Posted by Francesca Rutherford on Saturday 15th July 2017

Today is World Youth Skills Day. Young people around the world are still disproportionately affected by labour market inequalities, young people are more likely to be unemployed, underpaid and suffer from job insecurity.

In 2004 the Ethiopian government implemented policy with the aim of bringing ‘about the active participation of youth in the building of a democratic system and good governance as well as in the economic, social and cultural activities’. While Ethiopia has made significant progress in accomplishing this aim, there remain some significant disparities. Access to quality jobs in Ethiopia is greatly depends on location, with the majority of quality jobs being located in urban areas. However, due to the significant lack of education and training opportunities available to the youth population, young people still face high levels of unemployment even in urban areas. The vast majority of the Ethiopian youth population suffer from the lack of access to quality education, training programmes and employment opportunities.

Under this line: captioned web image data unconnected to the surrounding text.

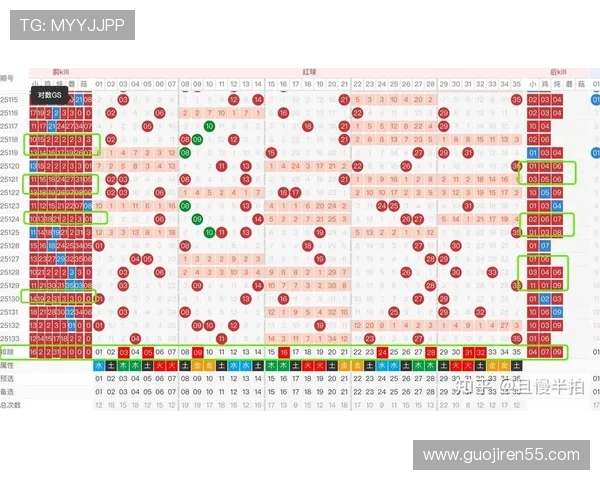 大乐透开奖号码的潜在规律与走势分析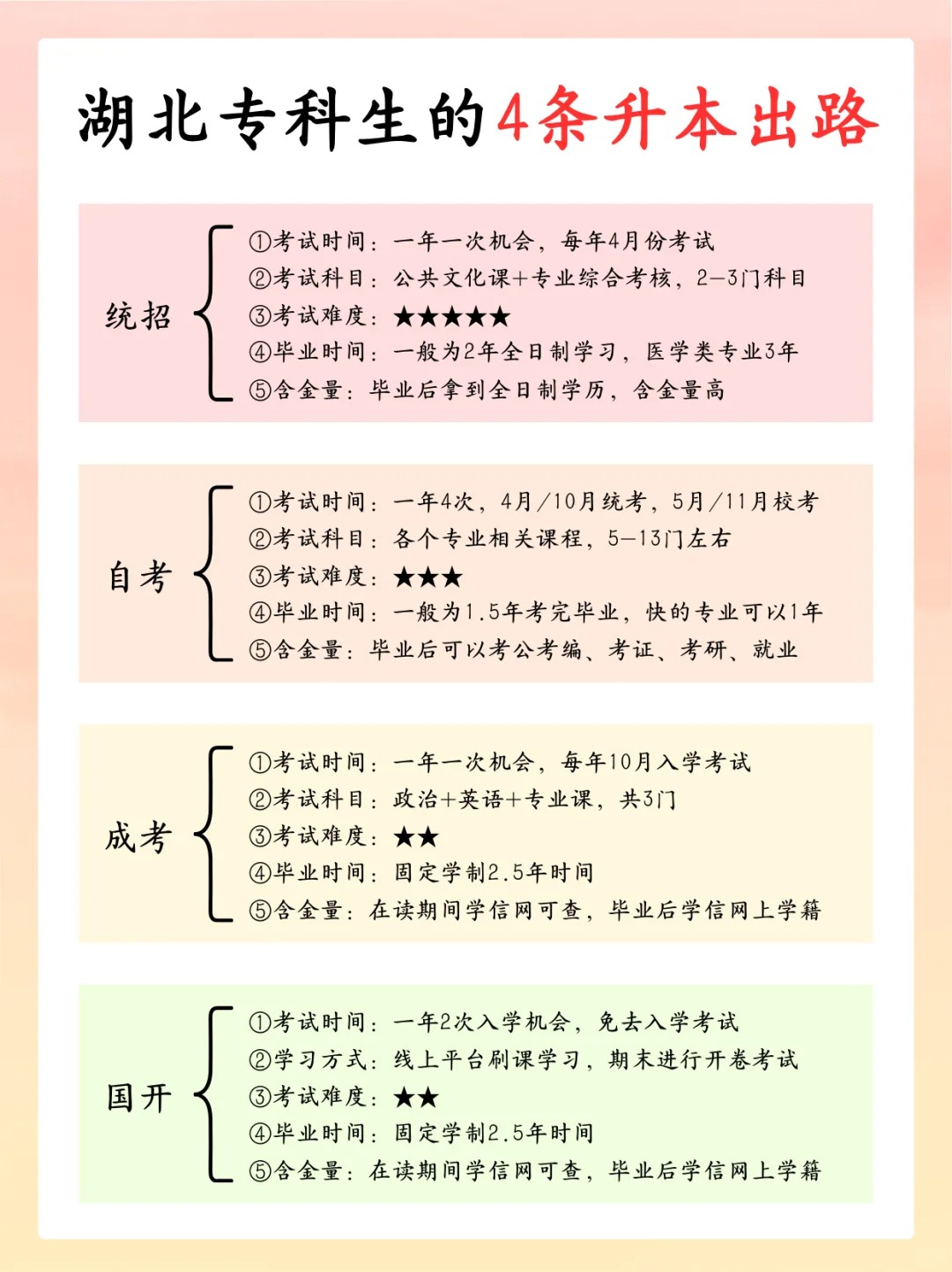 湖北专科生的逆袭之路：4条升本途径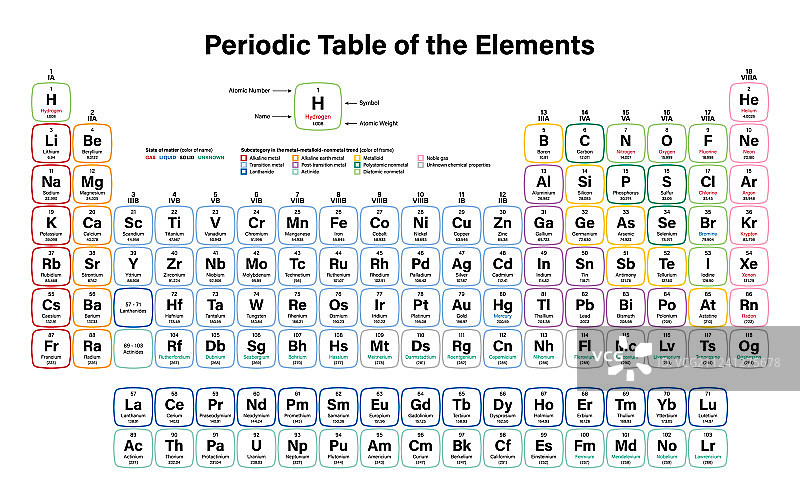 元素周期表图片素材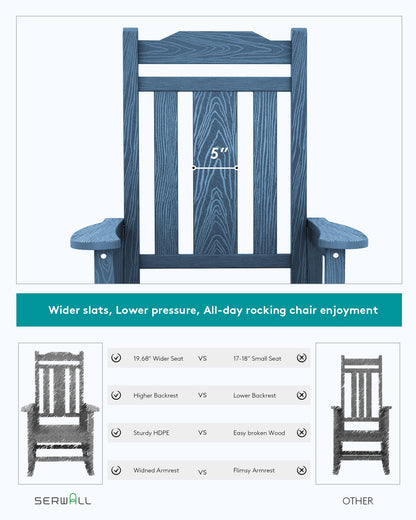 SERWALL Outdoor Rocking Chair, HDPE Poly Rocking Chair for Adults, All Weather Resistant Heavy Duty Front Porch Rocker, Blue - WoodArtSupply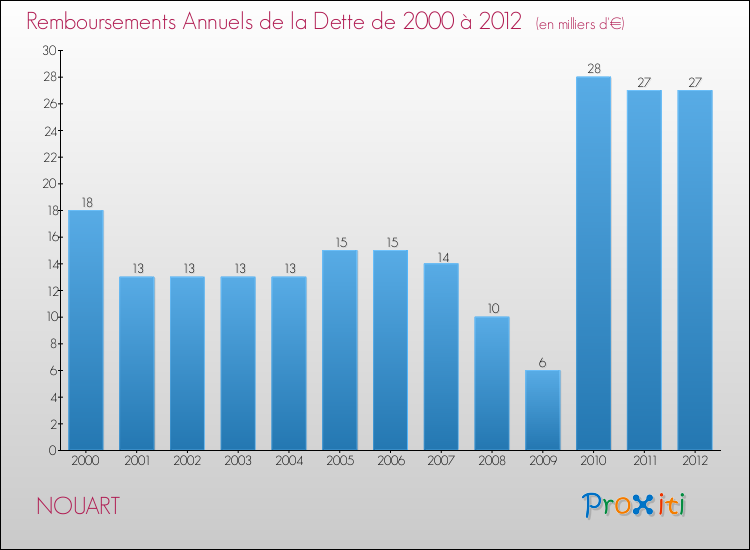 Evolution de l'annuité de la dette pour la commune de NOUART de 2000 à 2012 Annuités de la dette pour NOUART de 2000 à 2012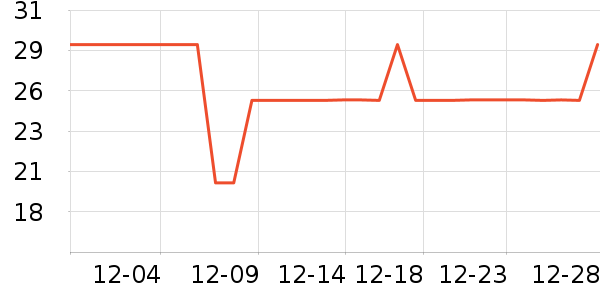 ����ϴ�·���ʷ�۸�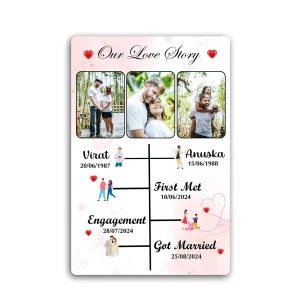 Our Love Story Collage Frame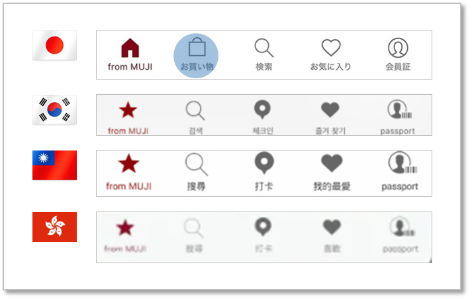 무인양품 앱 UI/UX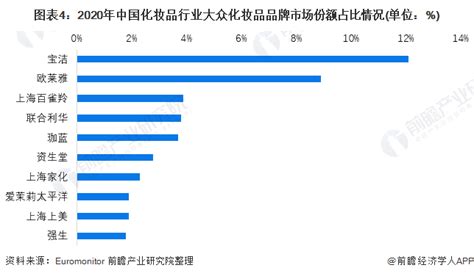 中国 化妆品品牌名单(2014) 化妆品品牌公司-马家堡社区业主论坛- 北京房天下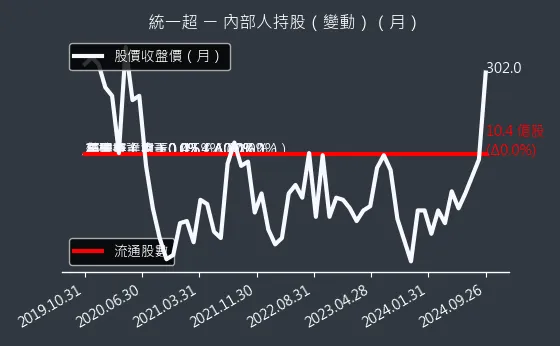 2912 統一超 內部人持股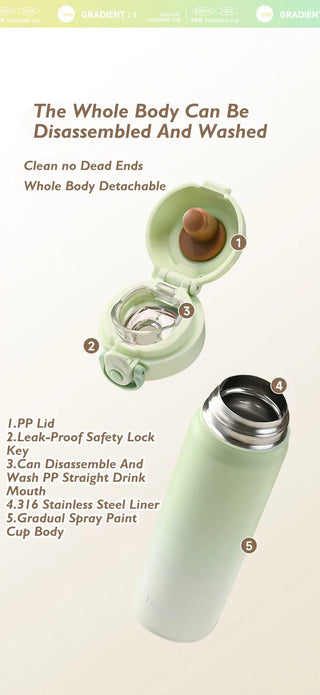 500ml Gradient Stainless Steel Thermal Flask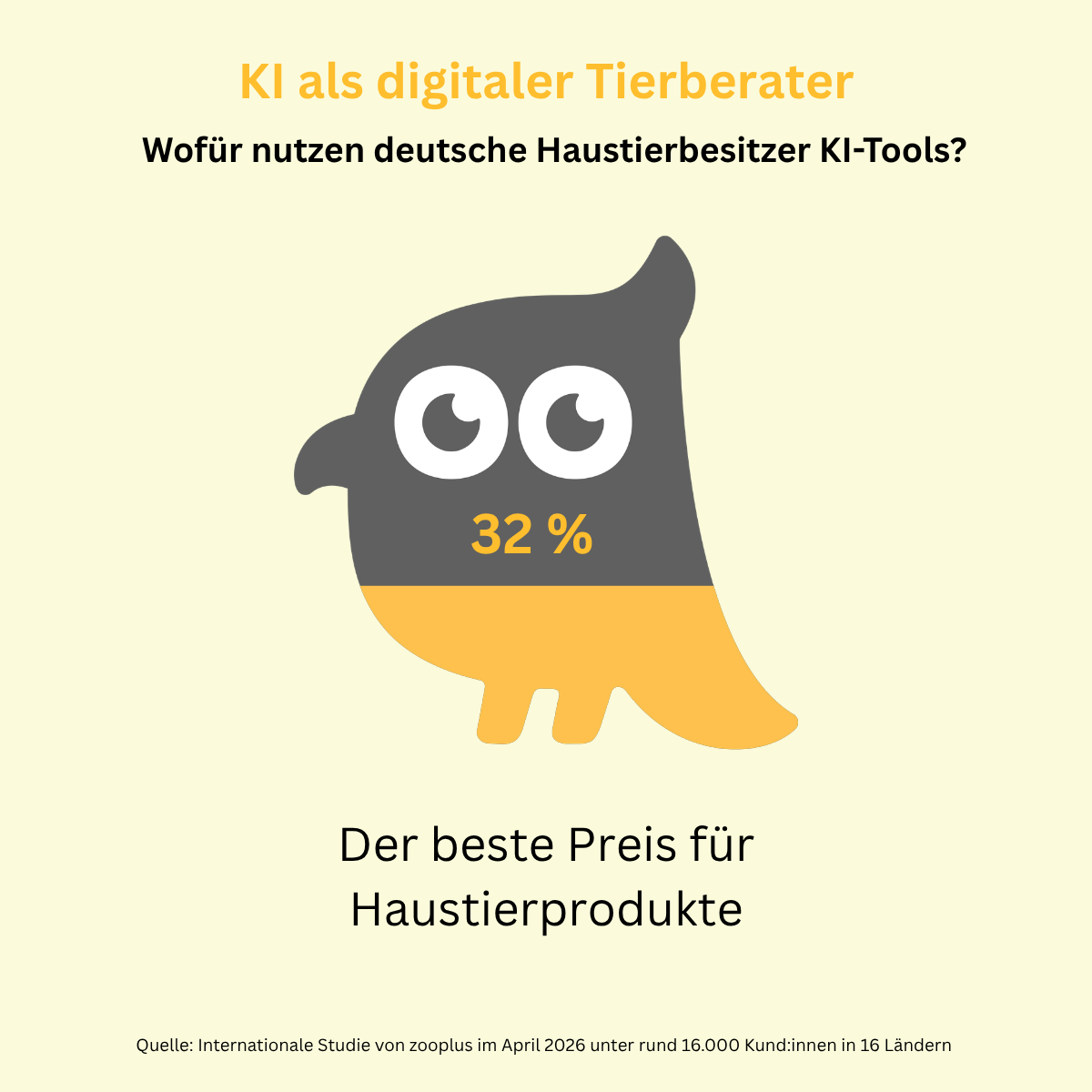 01_Bester Preis Animal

Ethiopiaid support a number of partners that provide children and young people the opportunity to attend school and the skills they will need to improve their chances of being able to support themselves in the future.

We have worked with Hope Enterprises for over 20 years, Hope run a range of programmes that help children and young people learn and develop crucial skills and gain valuable experience. Hope Enterprises feed hundreds of street children every day with their Street Children’s Breakfast initiative, the hope being that without the worry of having to find food, the children will want to stay for the literacy and numeracy classes, which are held afterwards.

Hope Enterprises also run six schools across Ethiopia providing free quality education to hundreds of children every year. The schools provide their students with everything they need, from stationery and uniforms to food. As well as preparing students to take their national exams Hope Enterprises provide a wide range of vocational courses in the hope that when they finish school, students will be able to support themselves.